→ **ABOUT THIS EXERCISE**:
An exact transcription of the listing, without its images, is what the answer must contain.
Segment Start: DATASET EXTRACT
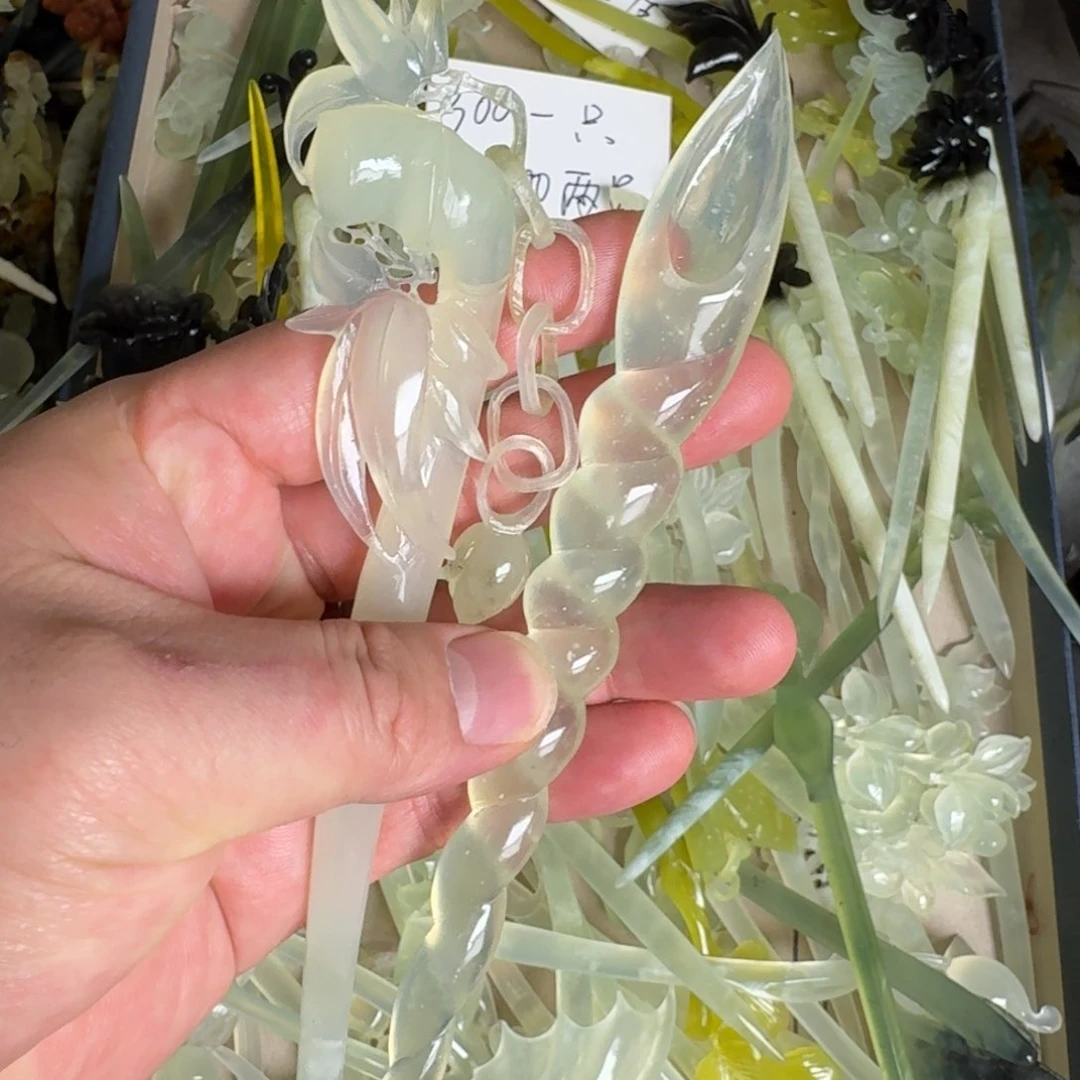 岫玉发饰未镶嵌小*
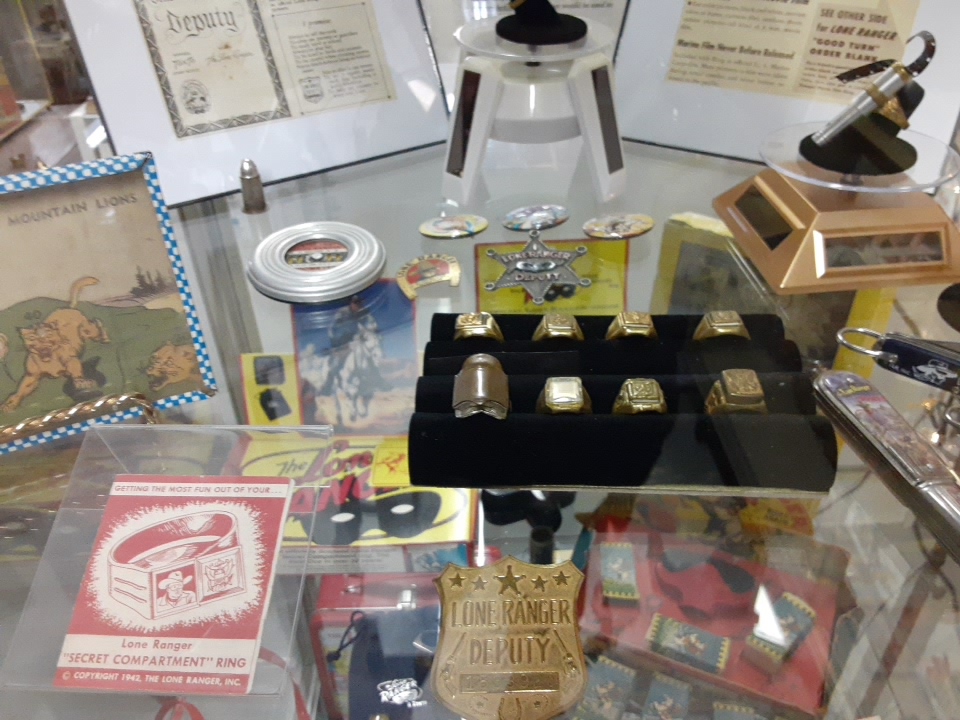 A display case at the Radio Days Theater of the Mind Museum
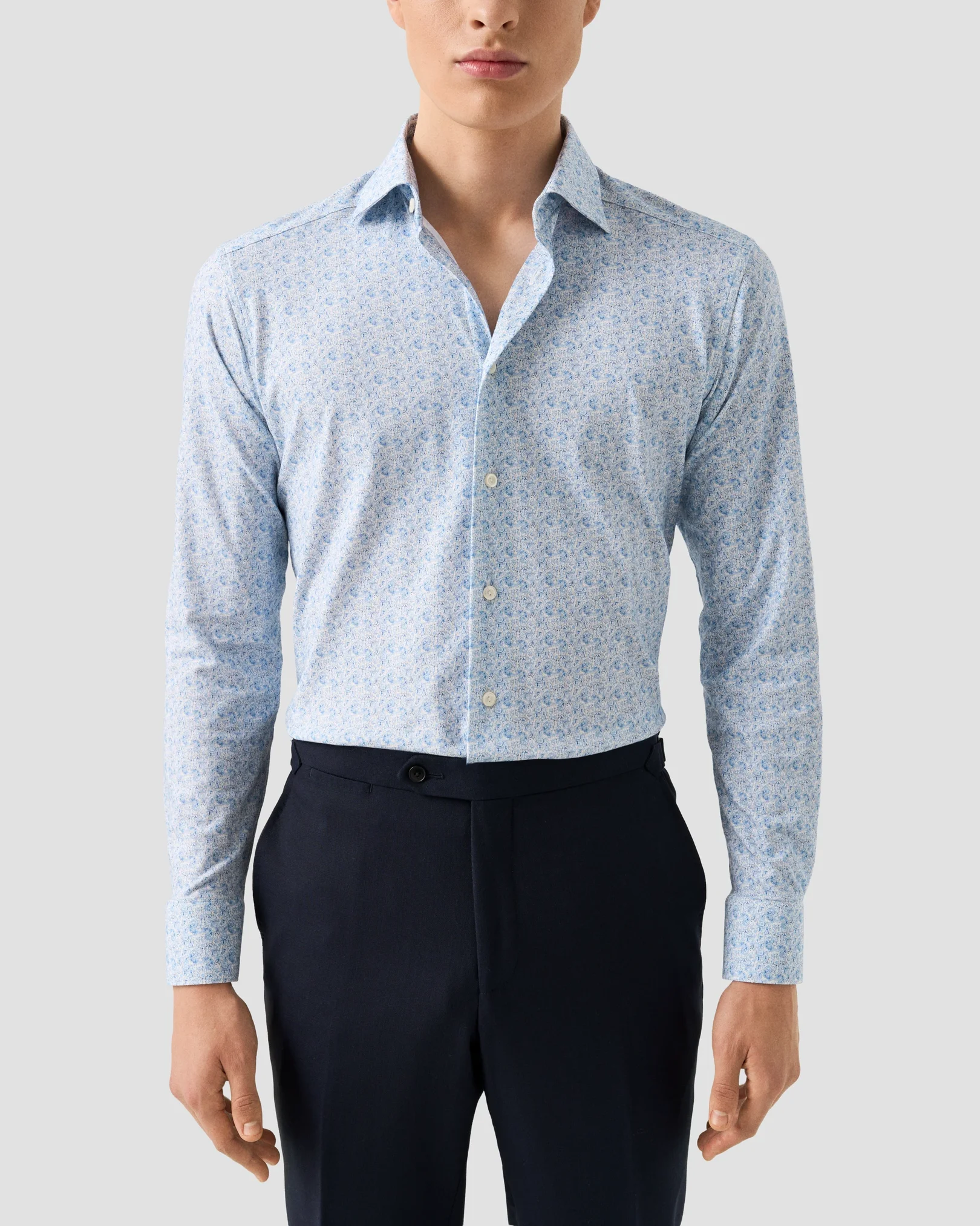 Eton - light blue paisley cotton four way stretch shirt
Segment End: DATASET EXTRACT
→ **WRITTEN RESPONSE**:
 岫玉发饰未镶嵌小*
 A display case at the Radio Days Theater of the Mind Museum
 Eton - light blue paisley cotton four way stretch shirt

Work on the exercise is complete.